§ The problem:
The reply should contain all the data below, repeated exactly, and none of the images.

§ Dataset extract:
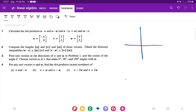For problem number two, we want to compute the lengths of vector u, vector v, and vector w first. And then we want to check the Schwartz inequality. To compute the length of each vector, we're just going to think of it as using the distance formula.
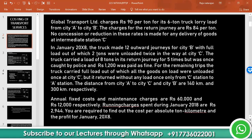In January 2018, the truck made 12 outward journeys for City B with full load, out of which 2 tons were unloaded twice on the way at City C. The truck carried a load of 8 tons in its return journey for 5 times, but was once caught by police and Rs. 1,200 was paid as fine.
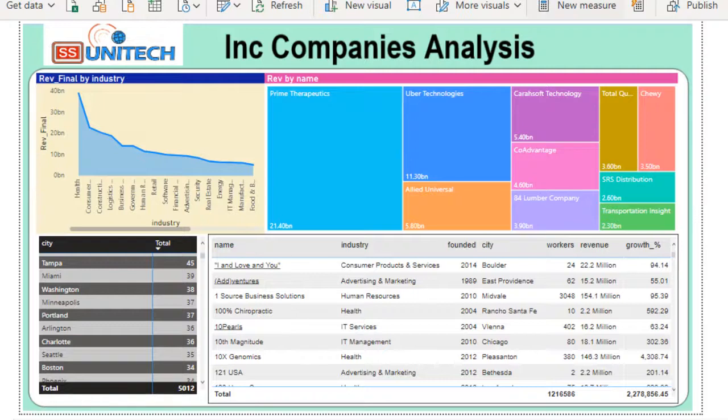Hey guys, welcome to SSUnitech. This is a continuation of Power BI projects. Today we are going to discuss one more project — the INC 5000 companies analysis. We are going to use INC standard companies and do comparisons between them. Let's see the beautiful visualizations used inside this dashboard.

§ Exercise solution:
For problem number two, we want to compute the lengths of vector u, vector v, and vector w first. And then we want to check the Schwartz inequality. To compute the length of each vector, we're just going to think of it as using the distance formula.
In January 2018, the truck made 12 outward journeys for City B with full load, out of which 2 tons were unloaded twice on the way at City C. The truck carried a load of 8 tons in its return journey for 5 times, but was once caught by police and Rs. 1,200 was paid as fine.
Hey guys, welcome to SSUnitech. This is a continuation of Power BI projects. Today we are going to discuss one more project — the INC 5000 companies analysis. We are going to use INC standard companies and do comparisons between them. Let's see the beautiful visualizations used inside this dashboard.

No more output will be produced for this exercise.